I have an admin account and my child has a regular one on his laptop. He has W10. I want to change his password for him. He does not have a MS account. How do I do it? Under Settings I can only seem to change my own password.


----------



## spunk.funk (May 13, 2010)

Either you or him Login as him and press CTRL+ALT+DEL and choose Change Password


----------



## usingpc (Aug 29, 2015)

spunk.funk said:


> Either you or him Login as him and press CTRL+ALT+DEL and choose Change Password


Doesn't work. Gives me a window with other options, like Task Bar. I did sign in as him and made it to change password but ultimately I was brought back to that stupid thing where I have to set up a MS account for him by putting in credit card info. What is this!?:banghead:


----------



## jenae (Jun 17, 2008)

Hi, log in with your account (admin) and go to search and type:- command prompt, right click on the returned command prompt and select "run as administrator" a command prompt will open.

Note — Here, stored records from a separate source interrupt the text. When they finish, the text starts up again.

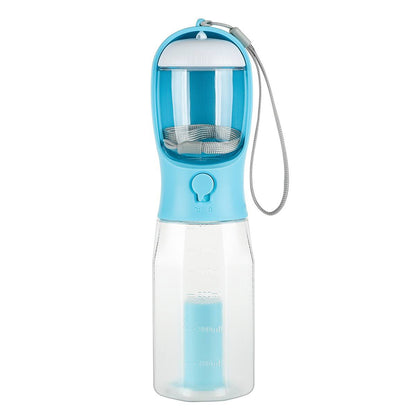 3-in-1 Dog Water Bottle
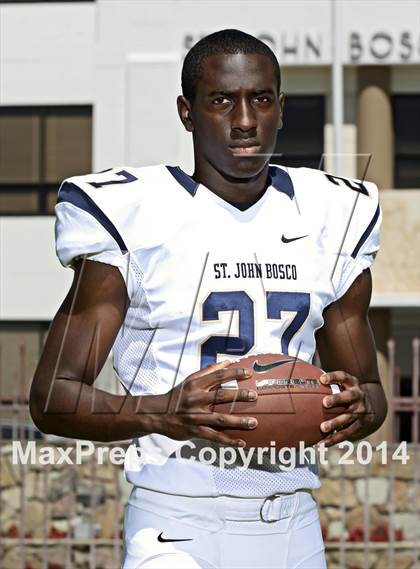 Thumbnail 1 in St. John Bosco (2014 Preseason Top 25 Photo Shoot)  photogallery.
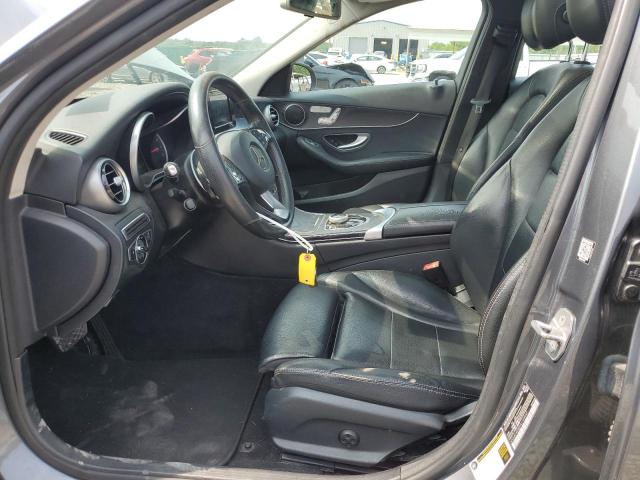  MERCEDES-BENZ C-CLASS 2017 Szary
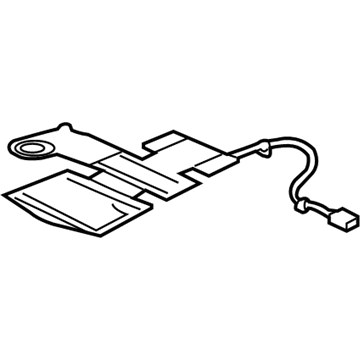 2010 Acura ZDX Seat Heater - 81134-SZN-A01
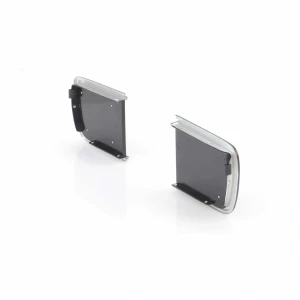 Headlamp Door Covers - Chrome Assemblies - Pair - 68 Camaro Rally Sport - Image 5 of 6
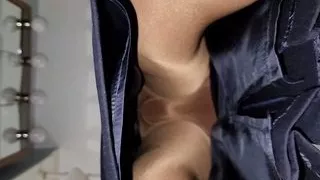 Lined flight attendant skirt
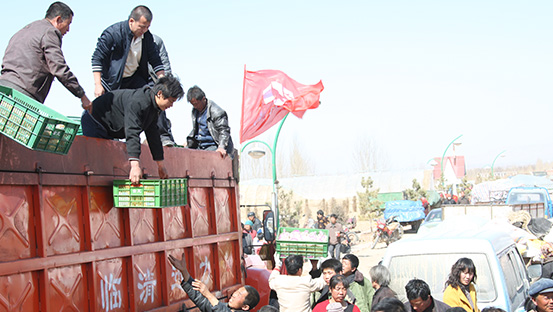 2008年3月20日，黄河内蒙古杭锦旗独贵特拉奎素段决堤，集团向灾区运送救灾物资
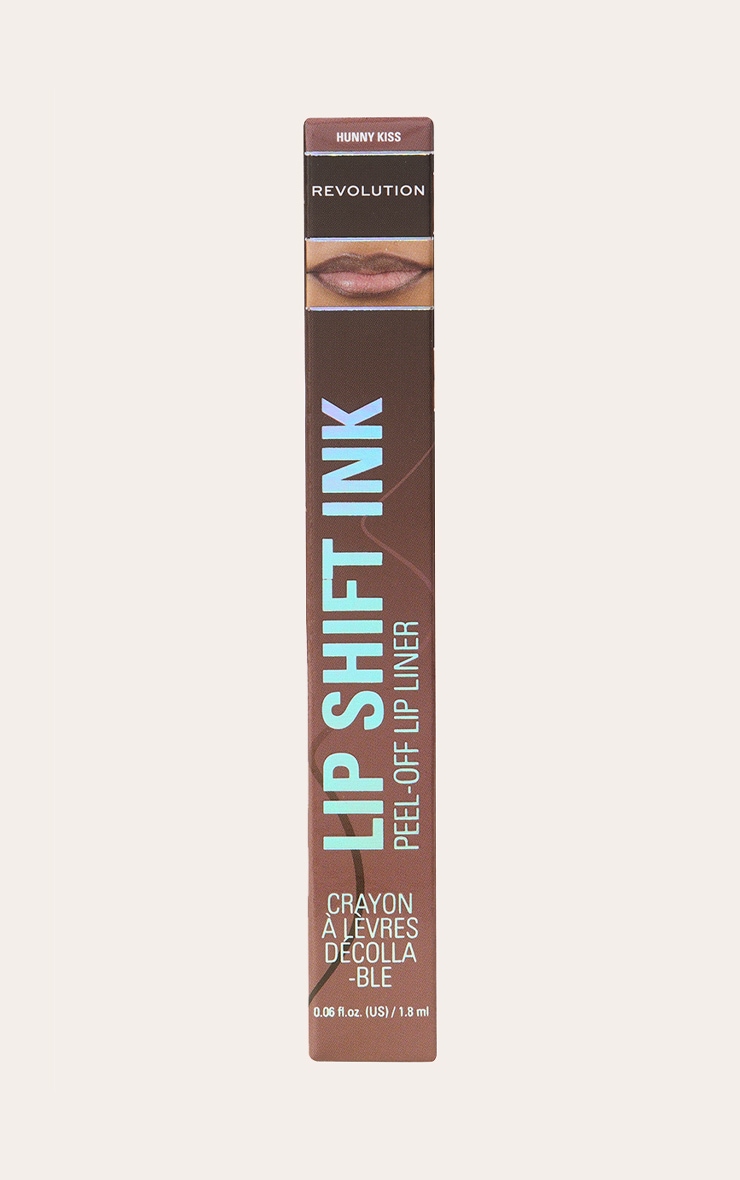 Revolution Lip Shift Ink Peel Off Lipliner Stain Hunny Kiss image 1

This is an example of what you need to do. My account is Paul and my password is abb2ey. to change my password to thomas I would type:-

net user Paul thomas (press enter), Use your details instead of mine (syntax important). You should receive a success message.


----------



## spunk.funk (May 13, 2010)

If you have an XBox Live Family Account, MS charges you a small fee by credit card for verification purposes, to change or create a child account now. Microsoft Fee for Creating a Child Account FAQ


----------



## usingpc (Aug 29, 2015)

spunk.funk said:


> If you have an XBox Live Family Account, MS charges you a small fee by credit card for verification purposes, to change or create a child account now. Microsoft Fee for Creating a Child Account FAQ


I don't. Easier way?


----------



## spunk.funk (May 13, 2010)

You must login as an Administrator User, Then you can change the password, as outlined in post#4. 
If your child is under your Family Account, then you have to put in a credit card # for verification purposes.


----------



## usingpc (Aug 29, 2015)

So the only way to change his password is to give him an account? We didn't have to do that originally. And why should we need an MS account for an OS issue?


----------



## spunk.funk (May 13, 2010)

If you signed up for Live Family account to monitor your childs internet behavior, then you have to input your credit card for verification purposes to make any changes to the account. If you didn't sign up for a family account and the child doesn't have a Microsoft Profile (Email Address) Disconnect from the Internet and you can easily change the Local account password as outlined in Post#4. If there is an OS issue, then that would be totally different situation.


----------